An exact transcript is required of the lines below, from the one containing "Women’s cold shoulder" through the very last; leave every picture out of it.

Available data section start

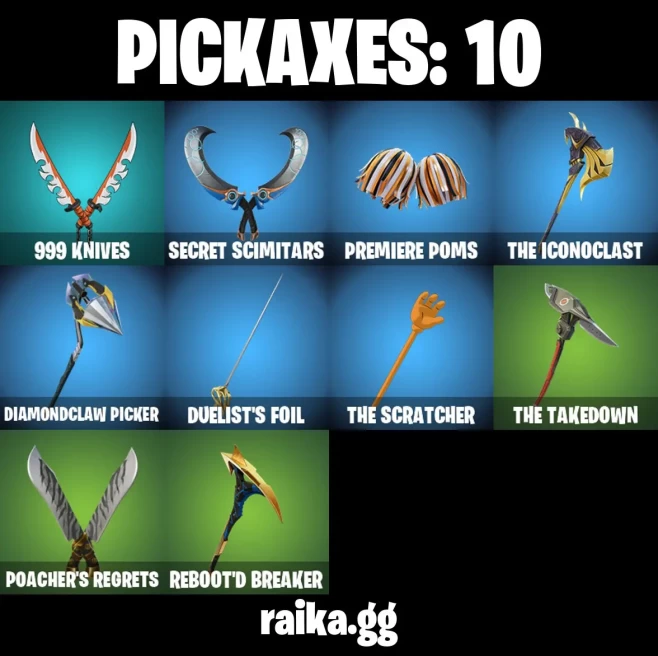 12 skins | Peter Griffin | Valeria | Slayer Juice WRLD | Hope | Nisha | Oscar | Trailblazer Tai | Vengeance Jones | A3757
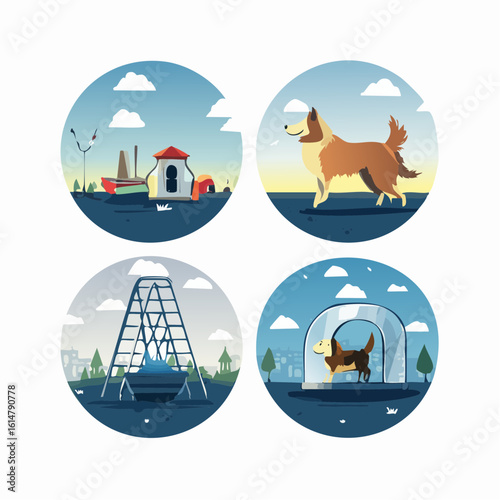 grid of icons showing dog park amenities- a park sign with a dog silhouette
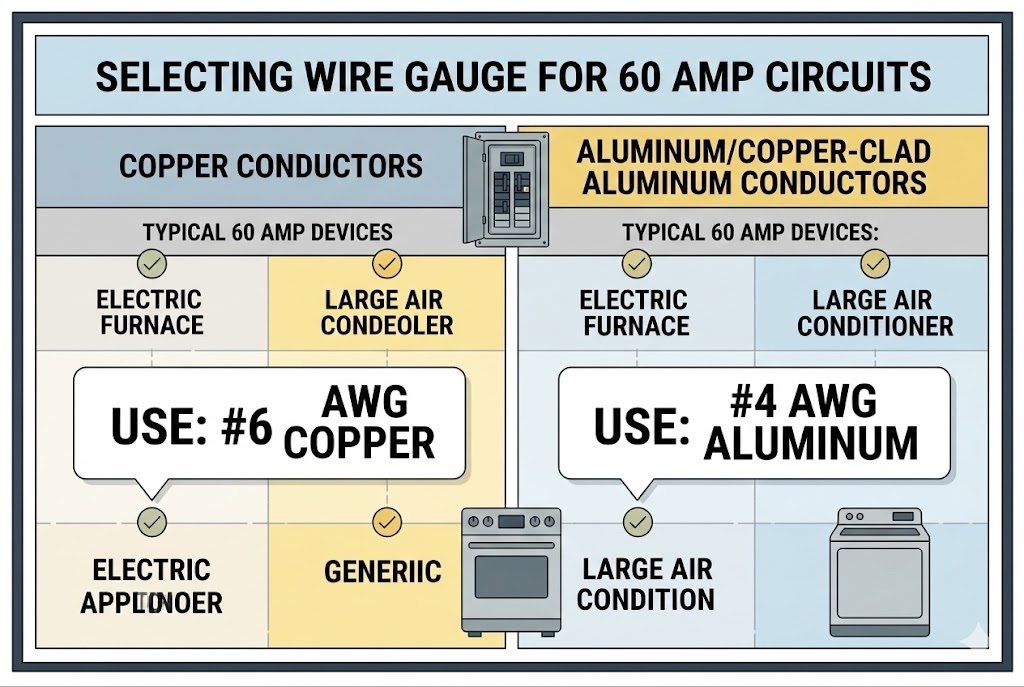 How to choose wire gauge for 60 amp circuits
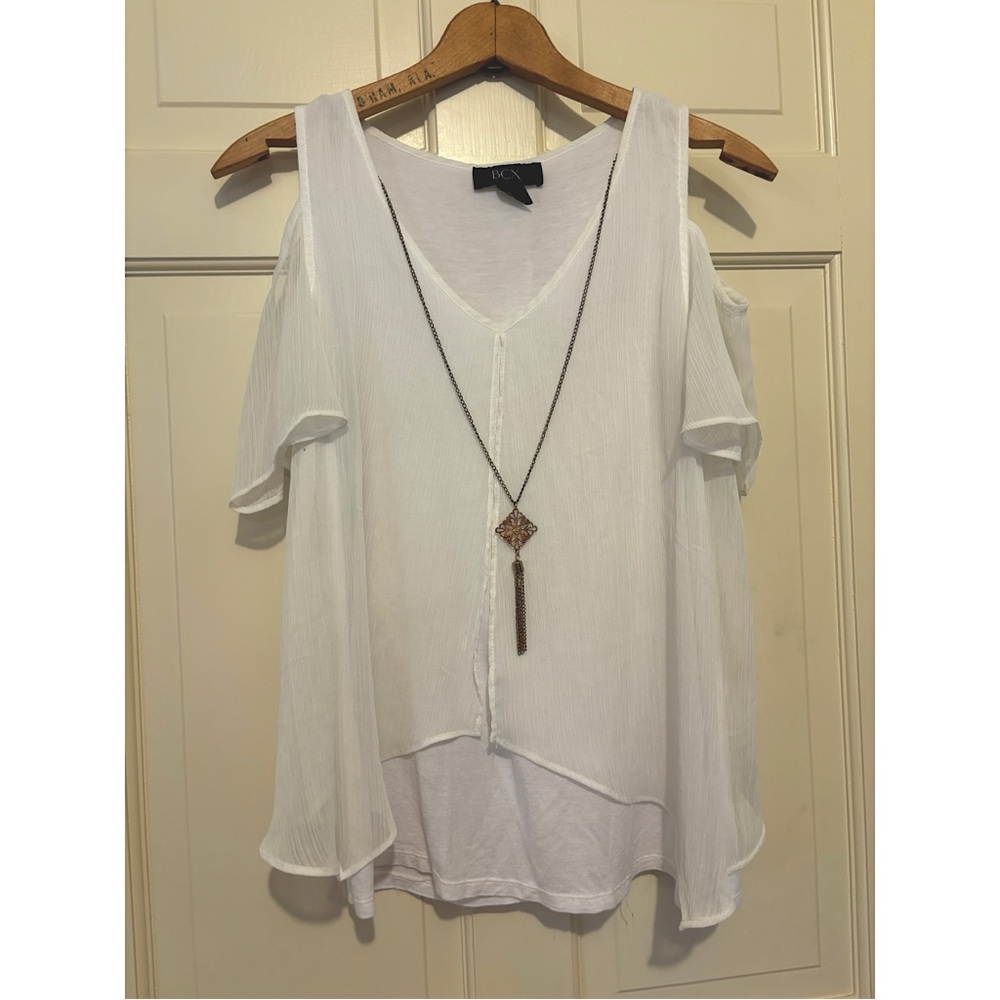 Women’s cold shoulder blouse top necklace short sleeve shirt party travel casual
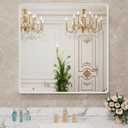 LOAAO 36x36 Inch White Metal Framed Bathroom Mirror for Wall, White Bathroom Vanity Mirror Farmhouse, Large Rounded Rectangle Mirror, Anti-Rust, Tempered Glass, Hangs Horizontally or Vertically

Available data section end

### Exercise result
 Women’s cold shoulder blouse top necklace short sleeve shirt party travel casual
 LOAAO 36x36 Inch White Metal Framed Bathroom Mirror for Wall, White Bathroom Vanity Mirror Farmhouse, Large Rounded Rectangle Mirror, Anti-Rust, Tempered Glass, Hangs Horizontally or Vertically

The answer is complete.